== Dataset records ==

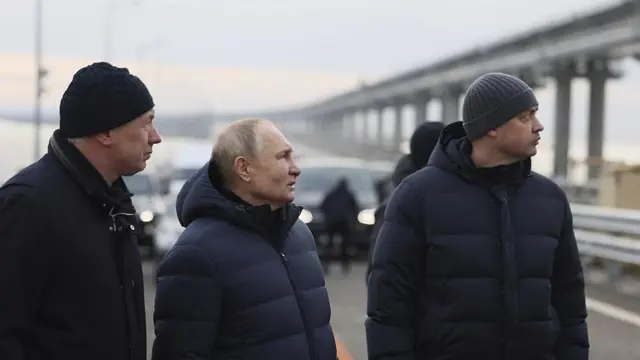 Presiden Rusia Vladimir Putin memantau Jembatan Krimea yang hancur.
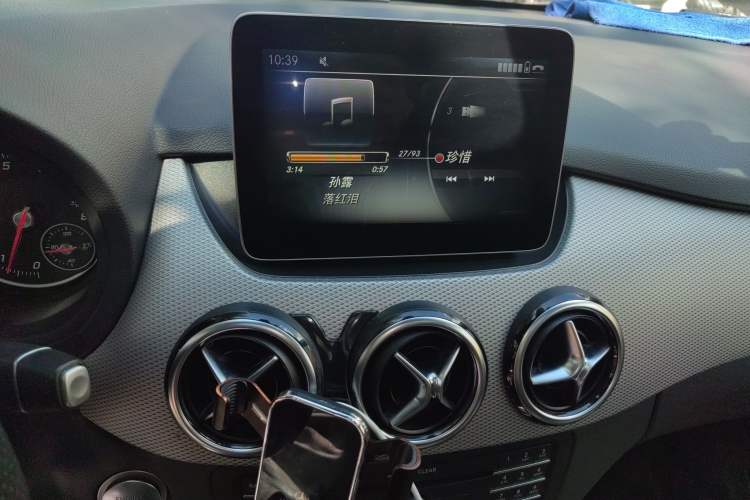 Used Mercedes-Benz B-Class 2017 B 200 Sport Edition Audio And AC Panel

===
== Dataset records ==

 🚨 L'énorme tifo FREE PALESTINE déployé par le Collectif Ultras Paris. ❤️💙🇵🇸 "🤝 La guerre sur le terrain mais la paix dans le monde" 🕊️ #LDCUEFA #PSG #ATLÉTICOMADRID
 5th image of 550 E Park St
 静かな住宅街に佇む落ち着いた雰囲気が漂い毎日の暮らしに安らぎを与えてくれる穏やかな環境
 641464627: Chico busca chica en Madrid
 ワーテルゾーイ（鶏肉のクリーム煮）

===

Your assignment:
Beginning at the line above that contains "641464627: Chico busca chica en Madrid", return each line exactly through the line that contains "ワーテルゾーイ（鶏肉のクリーム煮）", and no others.

Output for this exercise:
 641464627: Chico busca chica en Madrid
 ワーテルゾーイ（鶏肉のクリーム煮）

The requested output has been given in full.